Labor, in the life of the Church, has to be part of a person's life literally from the moment he/she is baptized. When a child is brought into the life of the Church, they are baptized and chrismated and immediately the priest gives them Holy Communion. They are full members of the Church and they are expected to bear the full responsibility of full membership in the Church in as much as their abilities allow them. For example, it is important to nurture children, to educate them, expect them to sing in the choir, take care of the candlestand, serve, read, etc. That is the way they become incorporated into the life of the Church. As time goes on, we live out our lives in the Church and we are called to do the things that need to be done in the life of the Church. We serve, we sing, we pray, we worship, we serve on the Parish Council, the Sisterhood, the Brotherhood, the PTA, we light candles and clean up, we help at fund-raisers, etc. - all the various things that are done in the daily life of the Church.

But then, God willing, we reach a certain age and we can think that we are entitled, because in America it is true, to be relieved of that burden. To retire. But in the life of the Church, that is simply not so. God does not tell us, "Before you are sixteen, to have no responsibility in the Church: you don't have to pray, you don't have to fast, to don't have to learn, to don't have to come to church services." As a matter of fact, we even begin to expect repentance from children at about the age of seven. Likewise, God does not say, "When you reach a certain age, then I don't have any more responsibilities for you. I have taken away everything that I have given to you. I'll give it to someone else - even if there is no one else."

Saint Paul felt the tug of that feeling so strongly, that to the Philippians he says these words: "...I know that through your prayers and the help of the Spirit of Jesus Christ this will turn out for my deliverance, as it is my eager expectation and hope that I shall not be at all ashamed, but that with full courage now as always Christ will be honored in my body, whether by life or by death. For to me to live is Christ, and to die is gain. If it is to be life in the flesh, that means fruitful labor for me. Yet which I shall choose I cannot tell. I am hard pressed between the two. My desire is to depart and be with Christ, for that is far better. But to remain in the flesh is more necessary on your account." (Philippians 1:19-24)

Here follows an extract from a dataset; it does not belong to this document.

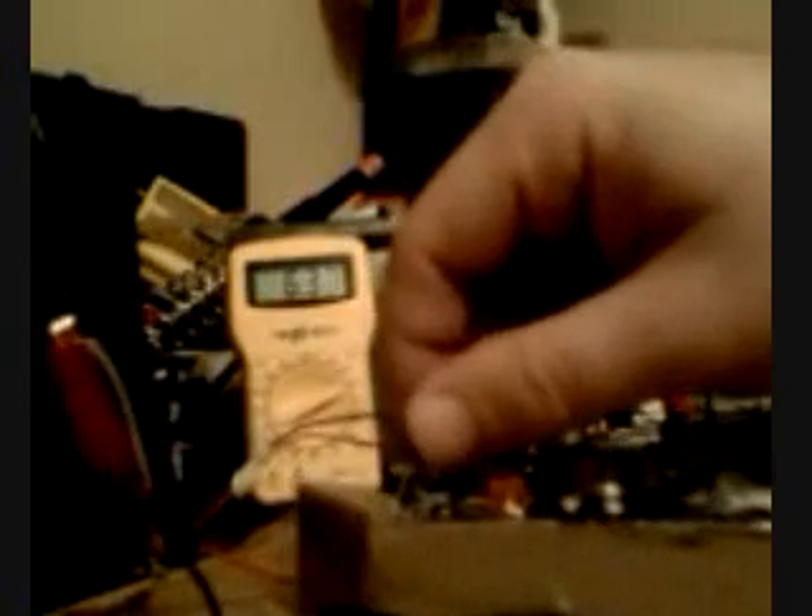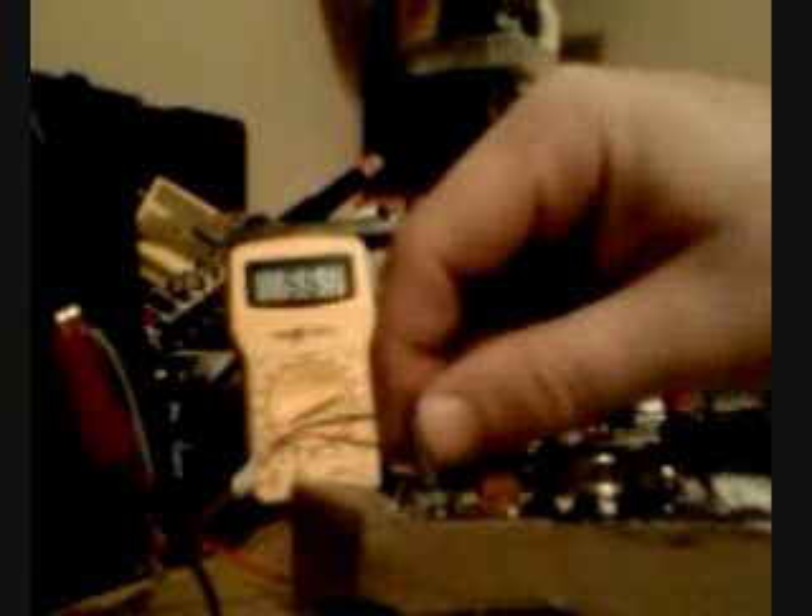I've got to crank it up to keep it going. I forgot to hook up the... Pay attention to the volts. The more it increases, that means it's going to die. So you crank it up again, the resistance, and let it gain speed. Bring it back down until you get a high voltage that you can stabilize. There — that looks good.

If I die, that is gain- because I am with Christ. But if I live, that means fruitful labor for me. Saint Paul's desire was to depart and to be with Christ, for that is far better. "I want to die," Saint Paul says to the Philippians, "because then I can go to the Kingdom of God and be relieved of all these burdens - all the burdens of caring for you, for the Corinthians, the Romans, etc. in the life of the Church; I would rather just die." Anyone who has worked in the Church - any priest, any bishop, any Christian who has tried to do anything in the life of the Church - can understand that feeling. There are times when it would be so much better to lay down and just be with the Lord, to be relieved of all the struggles. But then Saint Paul says, "But to remain in the flesh is more necessary on your account." He would rather die, but he knows from the Lord that he is not going to die, because he has labors to carry on in order for them (the Philippians) to increase in stature - for them to grow as a Church.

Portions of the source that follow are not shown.